Friday, August 24, 2012

My name

My father allegedly named me after the protagonist in Stanley Kubrick's 1971 film A Clockwork Orange, one of his--and my--favorite films. When my mother was pregnant with me, my name was a source of contention between my parents, with my mother torn between Alexander and Nicholos. She eventually settled on the former, and she tells me it's because she was convinced I was going to be great, just like Alexander the Great. My father went with it for the reasons described above.

Thursday, April 21, 2011

Journal 9: Teaching Green

Waters, John K. (2011) Teaching Green, T|H|E Journal. retrieved from

Waters' article on the issue of promoting and expanding environmental awareness in k-12 public classrooms is a welcome read for someone like myself who, though focused on being an English teacher, nevertheless is also someone who is concerned about the present problems of climate change, deforestation, oil polluting, and other ecological problems plaguing us. Waters' article delves into all manner of online resources out there that are available to aid teachers in educating their students about the environment, no matter what subject the teacher specializes in. One such website, geared toward high-schoolers, contains general information about what problems and issues are plaguing which parts of the world, sample lesson plans for teachers themselves, news articles, and the like. Another, aimed at elementary school children, includes a digital tour of wildernesses for boys and girls who live in urban areas and don't see much of nature. And yet another site still includes a quiz that makes students ask themselves just how large their carbon footprint is. In an era in which science illiteracy is reaching a fever pitch, "teaching green" is just one of myriad ways in which we Americans must repair our deplorable education system.

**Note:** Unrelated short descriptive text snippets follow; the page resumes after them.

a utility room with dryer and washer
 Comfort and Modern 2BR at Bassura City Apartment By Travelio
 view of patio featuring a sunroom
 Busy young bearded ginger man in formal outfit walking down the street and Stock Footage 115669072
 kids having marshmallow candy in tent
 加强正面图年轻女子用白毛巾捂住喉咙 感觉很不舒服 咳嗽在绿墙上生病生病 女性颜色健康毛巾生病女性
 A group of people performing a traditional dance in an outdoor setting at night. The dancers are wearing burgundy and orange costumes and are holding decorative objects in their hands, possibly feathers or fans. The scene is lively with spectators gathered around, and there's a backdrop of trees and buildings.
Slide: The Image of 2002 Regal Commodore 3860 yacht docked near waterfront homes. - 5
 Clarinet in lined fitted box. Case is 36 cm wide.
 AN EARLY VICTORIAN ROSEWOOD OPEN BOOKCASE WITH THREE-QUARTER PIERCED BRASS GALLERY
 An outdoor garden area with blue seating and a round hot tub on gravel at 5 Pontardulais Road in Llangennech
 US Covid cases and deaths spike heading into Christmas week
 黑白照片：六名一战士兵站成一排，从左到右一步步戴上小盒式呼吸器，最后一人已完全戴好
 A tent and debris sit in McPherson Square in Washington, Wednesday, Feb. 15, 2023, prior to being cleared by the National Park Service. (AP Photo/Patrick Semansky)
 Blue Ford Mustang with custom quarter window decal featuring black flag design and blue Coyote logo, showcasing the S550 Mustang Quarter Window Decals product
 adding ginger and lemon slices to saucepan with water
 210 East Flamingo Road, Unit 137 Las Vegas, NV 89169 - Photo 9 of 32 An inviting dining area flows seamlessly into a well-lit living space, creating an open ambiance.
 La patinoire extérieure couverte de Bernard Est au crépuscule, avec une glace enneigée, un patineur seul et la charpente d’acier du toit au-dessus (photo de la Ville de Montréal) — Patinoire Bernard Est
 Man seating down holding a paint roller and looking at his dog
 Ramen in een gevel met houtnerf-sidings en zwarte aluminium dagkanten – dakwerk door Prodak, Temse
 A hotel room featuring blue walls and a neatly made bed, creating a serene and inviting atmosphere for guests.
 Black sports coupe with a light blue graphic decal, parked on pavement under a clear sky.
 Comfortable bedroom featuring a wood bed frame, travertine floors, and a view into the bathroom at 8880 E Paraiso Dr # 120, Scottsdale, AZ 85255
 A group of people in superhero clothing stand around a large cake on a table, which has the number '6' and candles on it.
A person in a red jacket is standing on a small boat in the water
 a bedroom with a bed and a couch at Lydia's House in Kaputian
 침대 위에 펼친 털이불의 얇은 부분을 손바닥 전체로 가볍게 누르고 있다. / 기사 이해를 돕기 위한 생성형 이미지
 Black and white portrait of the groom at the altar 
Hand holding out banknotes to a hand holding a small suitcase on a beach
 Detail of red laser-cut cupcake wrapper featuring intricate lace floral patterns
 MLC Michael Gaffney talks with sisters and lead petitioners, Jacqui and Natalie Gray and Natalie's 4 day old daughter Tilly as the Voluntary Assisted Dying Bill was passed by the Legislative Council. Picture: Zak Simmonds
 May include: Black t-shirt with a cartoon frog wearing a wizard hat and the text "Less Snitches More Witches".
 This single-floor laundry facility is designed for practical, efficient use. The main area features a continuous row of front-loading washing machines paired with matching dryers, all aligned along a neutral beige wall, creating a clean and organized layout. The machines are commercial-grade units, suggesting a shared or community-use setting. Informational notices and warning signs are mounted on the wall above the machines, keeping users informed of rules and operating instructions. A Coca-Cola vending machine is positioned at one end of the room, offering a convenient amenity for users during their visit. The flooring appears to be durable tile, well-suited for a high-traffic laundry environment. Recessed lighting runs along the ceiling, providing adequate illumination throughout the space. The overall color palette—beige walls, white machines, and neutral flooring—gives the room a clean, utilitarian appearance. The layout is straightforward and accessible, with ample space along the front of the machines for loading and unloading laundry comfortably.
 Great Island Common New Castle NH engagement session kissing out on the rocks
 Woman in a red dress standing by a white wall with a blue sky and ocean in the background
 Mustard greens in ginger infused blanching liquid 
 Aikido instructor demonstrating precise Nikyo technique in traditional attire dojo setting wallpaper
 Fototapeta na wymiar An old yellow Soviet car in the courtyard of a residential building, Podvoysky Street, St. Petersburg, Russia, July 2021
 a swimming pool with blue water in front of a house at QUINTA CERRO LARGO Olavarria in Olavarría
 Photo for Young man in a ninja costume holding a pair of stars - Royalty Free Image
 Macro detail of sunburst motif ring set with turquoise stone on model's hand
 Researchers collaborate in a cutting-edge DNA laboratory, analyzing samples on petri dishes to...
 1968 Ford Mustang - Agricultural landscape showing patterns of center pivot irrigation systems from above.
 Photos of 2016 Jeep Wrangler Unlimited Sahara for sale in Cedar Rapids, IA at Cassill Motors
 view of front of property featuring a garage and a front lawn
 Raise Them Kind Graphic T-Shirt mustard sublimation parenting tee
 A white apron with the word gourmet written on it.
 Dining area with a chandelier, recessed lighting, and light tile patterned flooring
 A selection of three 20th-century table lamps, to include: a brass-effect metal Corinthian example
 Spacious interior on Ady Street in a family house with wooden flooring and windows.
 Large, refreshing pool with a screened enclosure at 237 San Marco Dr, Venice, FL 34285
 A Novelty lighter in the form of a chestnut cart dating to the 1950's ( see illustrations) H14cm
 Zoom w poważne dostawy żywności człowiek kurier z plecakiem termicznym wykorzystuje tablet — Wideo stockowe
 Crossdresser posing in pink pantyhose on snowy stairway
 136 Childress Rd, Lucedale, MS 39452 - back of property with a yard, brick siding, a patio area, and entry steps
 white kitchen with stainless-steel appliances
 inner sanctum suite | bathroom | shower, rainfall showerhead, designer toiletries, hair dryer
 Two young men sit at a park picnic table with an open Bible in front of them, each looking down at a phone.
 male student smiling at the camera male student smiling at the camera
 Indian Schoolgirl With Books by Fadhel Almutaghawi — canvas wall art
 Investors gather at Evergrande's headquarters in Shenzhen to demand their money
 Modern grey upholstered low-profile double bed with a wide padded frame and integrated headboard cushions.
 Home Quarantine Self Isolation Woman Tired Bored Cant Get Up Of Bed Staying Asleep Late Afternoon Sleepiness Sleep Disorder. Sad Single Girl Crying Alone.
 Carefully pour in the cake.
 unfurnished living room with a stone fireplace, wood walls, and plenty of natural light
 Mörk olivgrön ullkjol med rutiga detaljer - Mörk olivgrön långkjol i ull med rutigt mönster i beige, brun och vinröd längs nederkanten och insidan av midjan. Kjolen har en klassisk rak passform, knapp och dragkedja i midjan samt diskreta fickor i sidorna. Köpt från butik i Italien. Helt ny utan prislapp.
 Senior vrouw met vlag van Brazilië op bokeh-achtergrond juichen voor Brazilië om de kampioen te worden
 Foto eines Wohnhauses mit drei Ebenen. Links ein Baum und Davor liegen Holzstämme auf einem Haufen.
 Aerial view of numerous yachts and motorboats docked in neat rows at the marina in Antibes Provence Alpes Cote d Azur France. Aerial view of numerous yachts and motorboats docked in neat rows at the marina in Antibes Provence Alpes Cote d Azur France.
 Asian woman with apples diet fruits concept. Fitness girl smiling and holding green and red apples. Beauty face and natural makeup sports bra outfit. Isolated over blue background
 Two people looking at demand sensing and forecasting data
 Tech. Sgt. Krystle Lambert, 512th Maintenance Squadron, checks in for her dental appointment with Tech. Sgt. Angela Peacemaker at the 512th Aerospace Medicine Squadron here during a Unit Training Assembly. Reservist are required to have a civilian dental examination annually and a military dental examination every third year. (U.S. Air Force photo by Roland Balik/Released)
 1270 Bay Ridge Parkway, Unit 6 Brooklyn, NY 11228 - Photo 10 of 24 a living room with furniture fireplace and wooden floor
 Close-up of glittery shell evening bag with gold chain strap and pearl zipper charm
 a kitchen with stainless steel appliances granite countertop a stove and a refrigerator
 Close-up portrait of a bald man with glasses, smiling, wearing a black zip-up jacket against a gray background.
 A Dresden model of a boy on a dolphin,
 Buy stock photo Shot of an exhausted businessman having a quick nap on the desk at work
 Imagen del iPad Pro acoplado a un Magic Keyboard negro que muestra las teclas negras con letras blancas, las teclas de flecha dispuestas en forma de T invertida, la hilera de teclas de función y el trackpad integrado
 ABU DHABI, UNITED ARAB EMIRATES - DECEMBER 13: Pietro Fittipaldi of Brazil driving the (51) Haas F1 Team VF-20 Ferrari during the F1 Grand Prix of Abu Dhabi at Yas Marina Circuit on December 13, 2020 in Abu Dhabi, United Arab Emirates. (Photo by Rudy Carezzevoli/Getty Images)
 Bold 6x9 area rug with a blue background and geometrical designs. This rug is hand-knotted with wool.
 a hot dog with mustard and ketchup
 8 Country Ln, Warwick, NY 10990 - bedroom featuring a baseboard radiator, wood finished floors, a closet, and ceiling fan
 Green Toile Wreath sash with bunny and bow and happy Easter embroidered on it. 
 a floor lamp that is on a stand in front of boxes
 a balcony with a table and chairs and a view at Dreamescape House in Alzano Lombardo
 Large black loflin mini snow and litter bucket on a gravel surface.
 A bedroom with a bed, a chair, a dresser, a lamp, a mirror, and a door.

Question 1: How, specifically, can someone like me incorporate knowledge about the climate problem to my students as an English teacher?

As I've said elsewhere, namely in my "Prezi" project, I can have my students research the topic and take sides for or against the evidence pointing toward enivronmental problems as well as research possible solutions for reducing one's carbon footprint or getting off fossil fuels. English/language arts classes should all be about getting adolescents to learn how to think critically anyway, particularly via the written word, and getting them to brush up on a world issue, especially one that effects them personally and directly (whether they appreciate it or not) is a fabulous vehicle for that.

Question 2: What is one online resource that could be described as a "fun" way of getting boys and girls to care more about the environment?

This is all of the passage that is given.